Il fatto che ogni corpo politico sia governato da ristrette minoranze organizzate costituisce il punto di partenza per una critica radicale alle tradizionali classificazioni delle forme di governo. Le principali classificazioni tradizionali, quella di matrice aristotelica (monarchia, aristocrazia, democrazia) e quella elaborata di Montesquieu (monarchia, repubblica, dispotismo), vengono a cadere sotto le critiche di Mosca. Le classiche forme di governo non sono semplicemente il risultato di classificazioni false o mistificatorie ma rappresentano la maschera legale dietro la quale si cela il fatto che un piccolo gruppo di persone esercita effettivamente il potere.
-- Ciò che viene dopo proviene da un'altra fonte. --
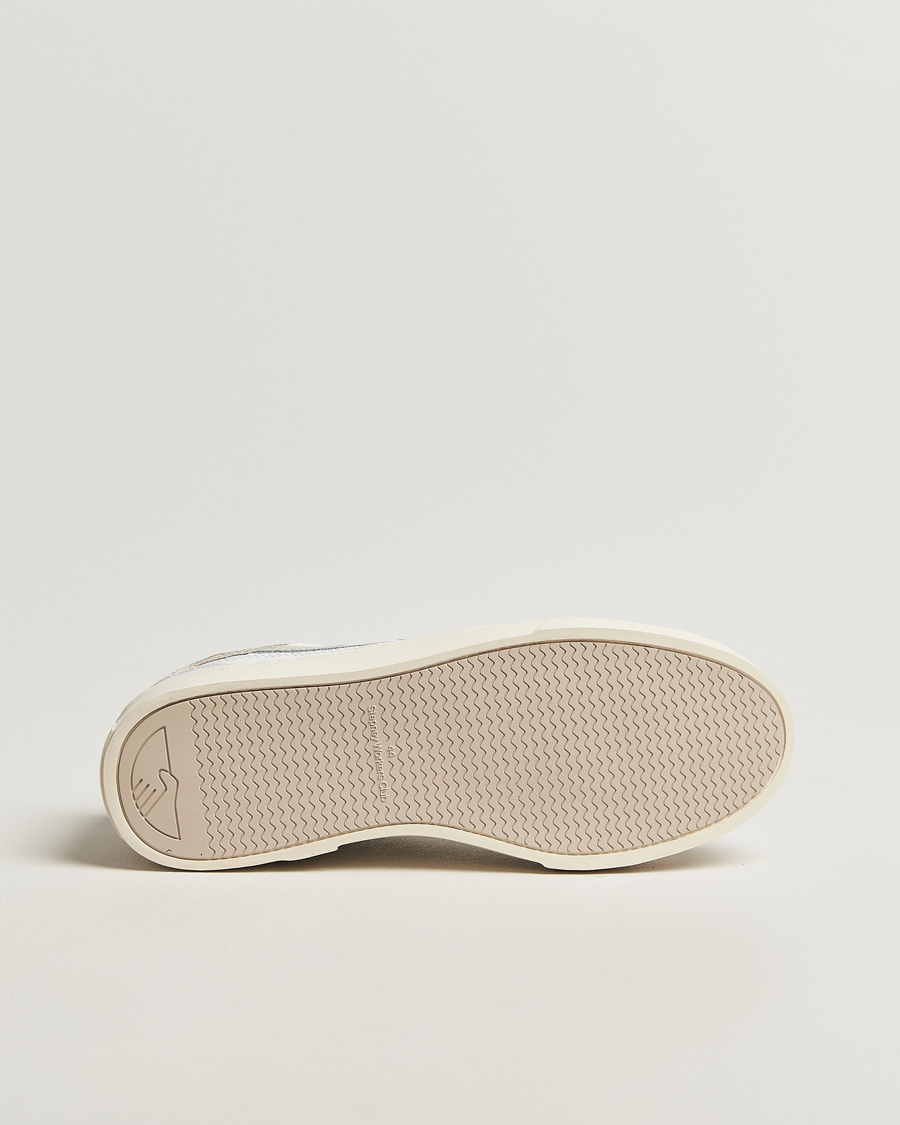 Men | Sneakers | Stepney Workers Club | Pearl S-Strike Leather Sneaker White Putty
Mosca è consapevole del fatto non sia possibile esercitare il potere politico solo mediante metodi coercitivi ma siano necessarie forme di consenso da parte dei governati. Con la teoria della formula politica Mosca intende individuare quelli che a suo avviso sono i principi astratti che consentono ai governanti di giustificare il proprio potere, in accordo con le convinzioni più diffuse nella società. Le ‘formule politiche’ non costituiscono semplici mistificazioni, ma rispondono all’esigenza umana di giustificare la propria obbedienza richiamandosi a norme generali.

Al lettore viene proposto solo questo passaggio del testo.